Lake Hood, 20 years in the making

Former chairman of the Ashburton Aquatic park charitable trust David West at Lake Hood.

Lake Hood marked a milestone recently turning 20 years old.

Lake Hood was a project born from a man’s vision and brought to fruition through the work of a group of dedicated people.

David West, a Wakanui farmer and former chairman of the Ashburton Aquatic Park Charitable Trust, lived in one of the first four houses built on the lake.

David said it all started when Ken Kingsbury, a helicopter pilot and keen windsurfer wanted a lake, “when he was flying around he thought gosh, it would be great to have a lake close by, so he called a public meeting, and about 70 people went to that.”

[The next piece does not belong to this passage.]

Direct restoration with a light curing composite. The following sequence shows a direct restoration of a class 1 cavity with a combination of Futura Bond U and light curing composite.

They soon formed a committee of 15 people, then an executive was created, “so we had an executive of six people and that started to drive it, then that turned into a charitable trust when we needed to raise money,” David said.

The land where the lake is located was originally farmland owned by Malcolm Stewart.

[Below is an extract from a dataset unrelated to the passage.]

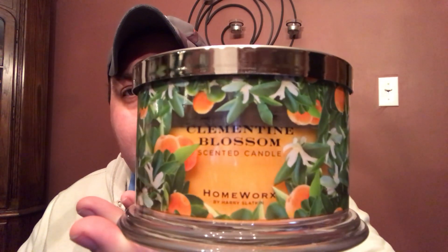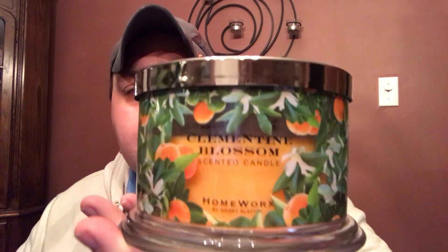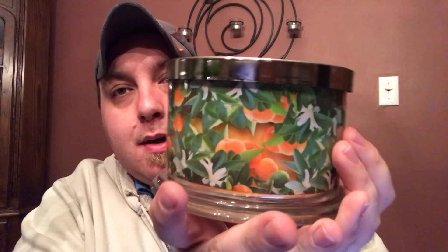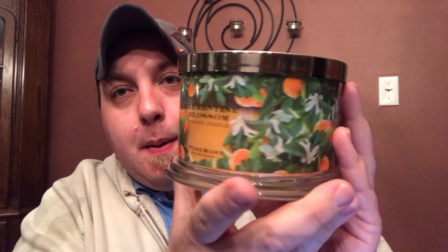Hey there everyone, welcome back. Thanks for coming back to my channel. Today I have a review for you of Homeworks by Harry Slotkin, Clementine Blossom. The coloring on this screen does not do this candle justice, but let's take it all around here. Look at that — we have a grove of clementines and oranges. It is amazing. The candle that this comes with is Citrus Garden Mint. So these are the two candles that come together — both citrusy candles.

The location was found by Doug Hood and other committee members driving and flying around the area, “they identified a bend in the river and thought this bit of river on poor farmland would possibly work. But it was more because the land became available,” David said.

In the beginning the lake was a controversial project dividing opinions in Ashburton.

“Half the people truly didn’t want it to be here, and the other half were keen,” David said. “Some people thought we couldn’t create a lake on riverbed type land, they thought it wouldn’t hold water, other people were worried about rate money going into it. But it was all fundraised apart from a small amount of money from the council.”

“It has been fantastic since then having people come and say were opposed to it, but we were wrong’. A lot of people recognise the benefit to Ashburton and the whole of Canterbury. A lot of Christchurch come down and use it,” he said.

David has fond memories of having one of the first houses built on the lake.

“It was great in the early days because we knew everybody, it was fun to show people through our house so they could get an idea what it would be like.”

Over the years the community has grown and matured with around 260 houses currently occupied, with new titles always coming up, the original concept was to have around 500 houses.

“It’s an incredible community now, because of active friendly people, here you know who your neighbours are, they are all active interesting people out there, biking or kayaking or boating a whole lot of interesting things.

“If you go for a walk, it takes twice as long because you stop and have a yarn with someone.”

The lake is a drawcard for tourists, but the main visitors are locals enjoying a day out visiting the lake or having a meal at The Lake House restaurant.

“Originally the consultant we used said the biggest use for the lake would be passive, and that’s exactly what it is. People come to look at the water, walk around it and picnic beside it. There is something like 100,000 cars that come in here every year. It’s local people coming out for a visit.”

The other area of growth and opportunity is commercial development on the lake, with the popular Lake House paving the way as a well known destination for culinary delights, there are commercially titled areas around The Lake House available for entrepreneurs to set up shop.

“I think there are opportunity for motels, a little deli, or dairy, or coffee shop,” David said. “It’s a tremendous lifestyle opportunity for someone. We never promoted it, because the lake was fundraised by Ashburton people so we didn’t want to take business from the town.”

High density living is another area that could take off at the lake, with opportunities to have apartments built.

“There have been so many people involved in what was a truly community thing, right back to the days of the original committee, a lot of those people are still enthusiastic and still involved,” David said.